The mission of the UCLA Center for Community Learning is to promote civic engagement for undergraduates and faculty through the integration of teaching, research and service. In collaboration with academic departments, the Center supports courses and programs that stress the importance of global citizenship, diversity, leadership and social justice. The Center strives to make community learning a cornerstone of undergraduate education, through ongoing partnerships with community-based organizations.The Center’s goals are:
- To connect UCLA undergraduates with the diverse communities of Los Angeles through meaningful, interdisciplinary work that emphasizes academic excellence within undergraduate education.

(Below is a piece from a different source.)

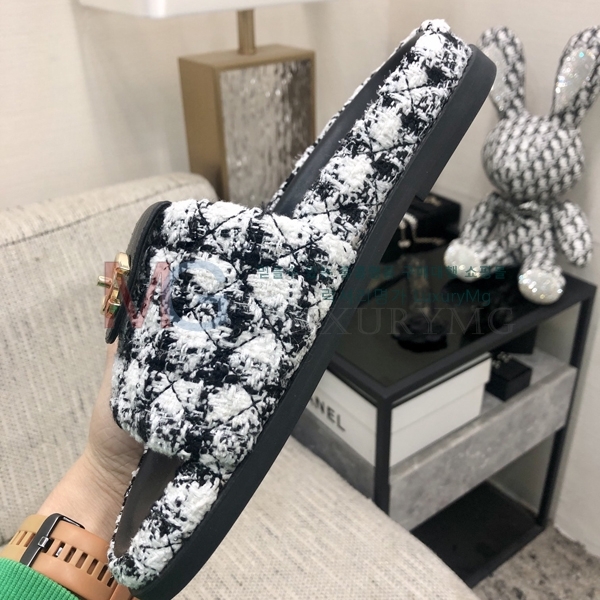 *  CHA990083-6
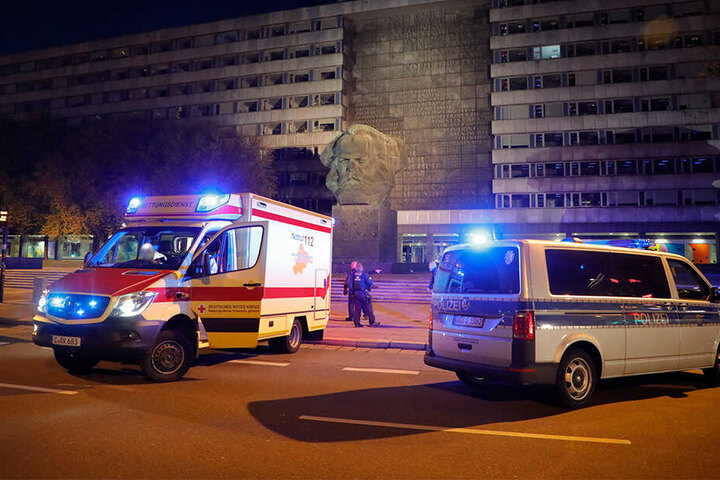 Polizei und Rettungskräfte waren auf der Brückenstraße im Einsatz.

- To assist individual faculty and academic departments in the creation, development and support of innovative coursework that integrates off-campus experiences with curriculum.

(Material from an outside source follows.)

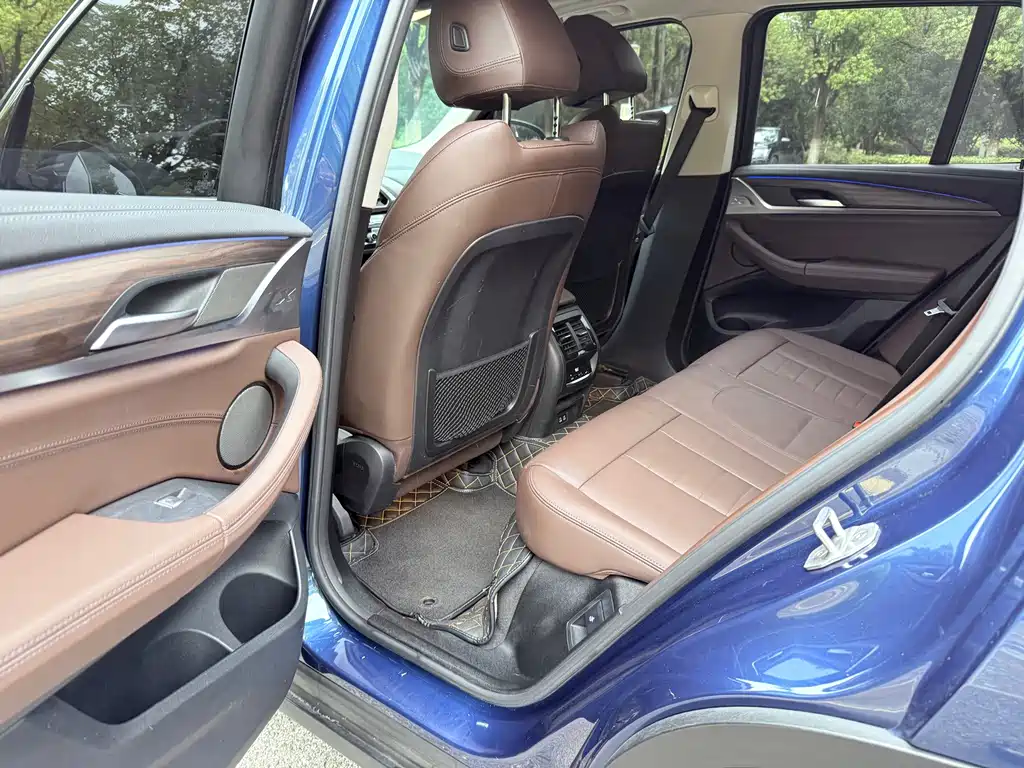 BMW X3 — миниатюра 8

- To play a leadership role among peer research institutions in the advancement of a civic engagement agenda and social innovation at the state and national levels.
- To train, supervise and mentor graduate students for future careers in academia, university/community partnerships and engaged scholarship.
- To expand available resources whenever possible by securing external funding.
Meet the Directors KATHY O'BYRNE, CENTER DIRECTOR,
has been actively involved with non-profit community organizations since 1973. A psychologist by training, she earned tenure at Cal State Fullerton before coming to UCLA in 2001. Dr. O’Byrne graduated from Vassar College, earned a Masters degree at Arizona State University and a Ph.D. from the University of Southern California. In 2004, she received the California Campus Compact Richard E. Cone Award for Excellence and Leadership in Cultivating Community Partnerships in Higher Education. Dr. O’Byrne has also published numerous journal articles and book chapters on service learning and civic engagement in higher education.ELIZABETH GOODHUE, ASSOCIATE DIRECTOR FOR ENGAGED TEACHING,
helps develop and maintain community-based programs at the Center, including service-learning and internship courses. She also publicizes Center programs on and off campus, leads workshops for faculty and graduate students who are interested in developing community-based courses, and teaches undergraduate seminars on public arts and humanities. Dr. Goodhue received her B.A. in English and Creative Writing from the University of Arizona before going on to earn a Ph.D. in English from UCLA. During graduate study, she received the Charles E. and Sue K. Young Award for outstanding teaching, research, and service. She is the author of articles on eighteenth-century British literature and, with colleagues from the Imagining America public humanities consortium, of an essay on the role of academic administrators as intermediaries between university and community stakeholders. Most recently, she contributed an essay to the collection Service Learning and Literary Studies in English
(MLA 2015).DOUGLAS BARRERA, ASSOCIATE DIRECTOR FOR ENGAGED RESEARCH,
works on a civic engagement research agenda for the Center, which includes the motivations among community partners to participate in institutional civic engagement initiatives, and how such participation corresponds to theoretical conceptions of community-campus partnerships. Before coming to UCLA, he was program director for a non-profit community organizing agency in San Diego, and taught methods of community engagement at U.C. San Diego and the University of San Diego. He is co-author of the Council of Europe publication, Advancing Democratic Practice: A Self-Assessment Guide for Higher Education,
and the Higher Education Research Institute’s publication, First in My Family: A Profile of First-Generation College Students at Four-Year Institutions Since 1971.
Dr. Barrera received his Ph.D. and an M.A. in Education from UCLA, and an M.A. and B.A. in History from San Diego State University.